Volar las villas y comprar el voto, dos propuestas electorales que sólo pueden tomarse a risa

 

Parece una broma, en lenguaje más vulgar sólo un chiste. ¡Pero no lo es! Y esto es lo importante, aquello que retrata la situación actual de la agrupación social en la Argentina, quizás la hoy llamada “grieta”—palabra y significado introducido por quien todavía hoy nos gobierna—, la antigua batalla entre conservadores y radicales, la entonces división de la sociedad civil entre demócratas y militaristas. Según los hechos sólo ayer conocidos por mí, el que sigue es su relato.

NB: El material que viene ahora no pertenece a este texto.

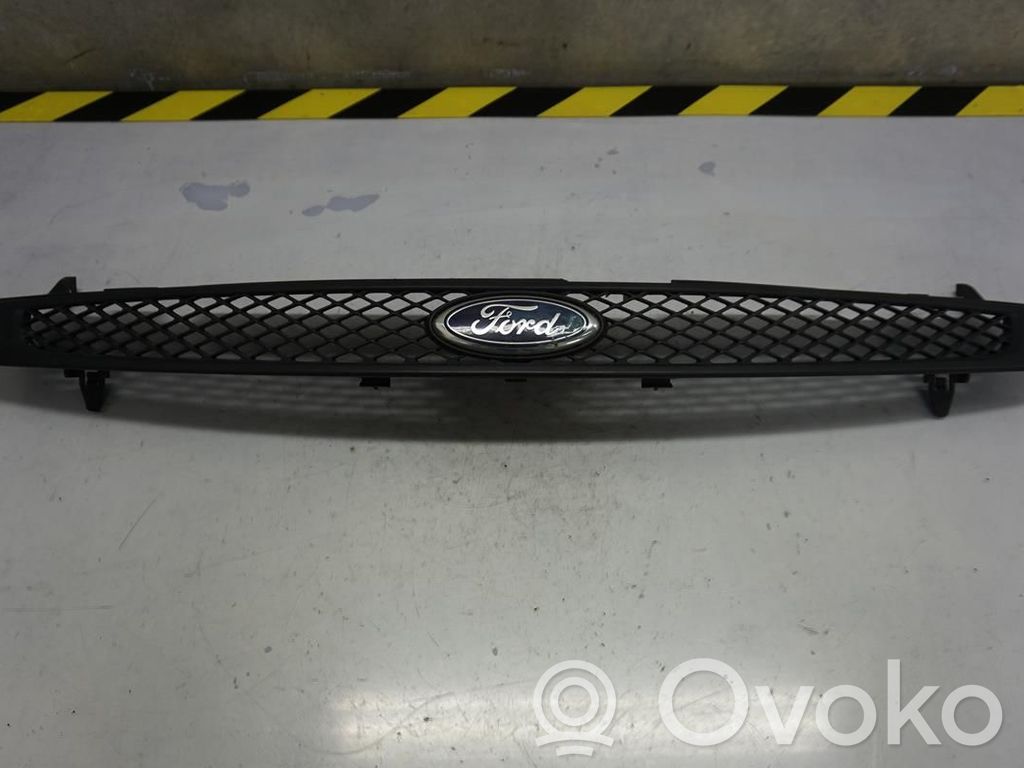 Ford Fiesta Kratka dolna zderzaka przedniego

  1. Un candidato a vicepresidente de la república, que defiende al partido o a la alianza política que hoy nos gobierna, postula, frente al problema de la pobreza y la indigencia que lamentablemente sufrimos —pese a pretender ser el “supermercado del mundo”—, a las aquí llamadas “villas miseria”, donde habitan pobres e indigentes, en lugar de ayuda para alcanzar una mínima igualdad en el desarrollo humano, bombardearlas o, lo que significa lo mismo, suprimirlas mediante dinamita, borrarlas de nuestro mapa, única solución posible para esas personas, su cultura, sus bienes. Por supuesto, como se trata de la representación de un partido político con influencia en el poder, que congrega quizás una minoría, pero sin embargo parte importante de nuestra población —la que mejor vive—, lo horroroso consiste en que no se trata de un desafío individual, pasible de ser adjudicado a un loco o a alguien que de vez en cuando desvaría, sino que, antes bien, la proposición se halla en medio del juego político que representa una elección gubernamental, la lucha civil entre por lo menos dos partidos o alianzas políticos por permanecer en el poder o por alcanzarlo. Eso mismo determina que no sea el postulante sólo quien sostenga la idea, sino que, precisamente, ella haya sido precedida por movimientos más vulgares o populares que estiman la misma solución y la misma manera de proceder. Así hemos escuchado en manifestaciones y en declaraciones particulares a quienes tildaban a estos pobres e indigentes de vagos, “negros”, “cabecitas negras”, sucios, con mal olor y malas costumbres, y varios epítetos más —que no me interesa repetir—, fundar su porcentaje poblacional en más o menos un 30% de la población total —estimo que se referían sólo al llamado Gran Buenos Aires— e intentar la solución por la misma vía, sin decirlo crudamente o, cuando menos, sin bombardearlos. No eran pocos los que así pensaban, quizás pocos para ganar comicios fundados en la igualdad del valor del voto de cada persona, pero nunca individualistas exagerados.
  2. Un “patrón de estancia”, unido a otros de su misma clase, han decidido pagar una suma de dinero a sus “peones” por votos a favor de un determinado partido político que compite en los comicios para decidir nuevas autoridades de la República. Según escuché, con el método concordaban sus pares y la única discusión giraba alrededor del importe que cada uno, según su fortuna, estimaba correcto proponer a sus empleados, en este caso “peones de campo”. Tomó estado público que la comuna del Pilar —noroeste de la ciudad de Buenos Aires— había decidido ese pago y se aprestaba a reglamentarlo. El fundamento: si se trata de un derecho, quien lo posee puede venderlo y quien no lo posee —o lo posee limitadamente— comprarlo o comprar otra de sus cuotas, a semejanza de la propiedad. De más está ocuparse de refutar el argumento. Basta decir que la vida o la integridad física es un derecho que yo no puedo vender y otro no puede comprar para tener “derecho a matarme” o a “torturarme”.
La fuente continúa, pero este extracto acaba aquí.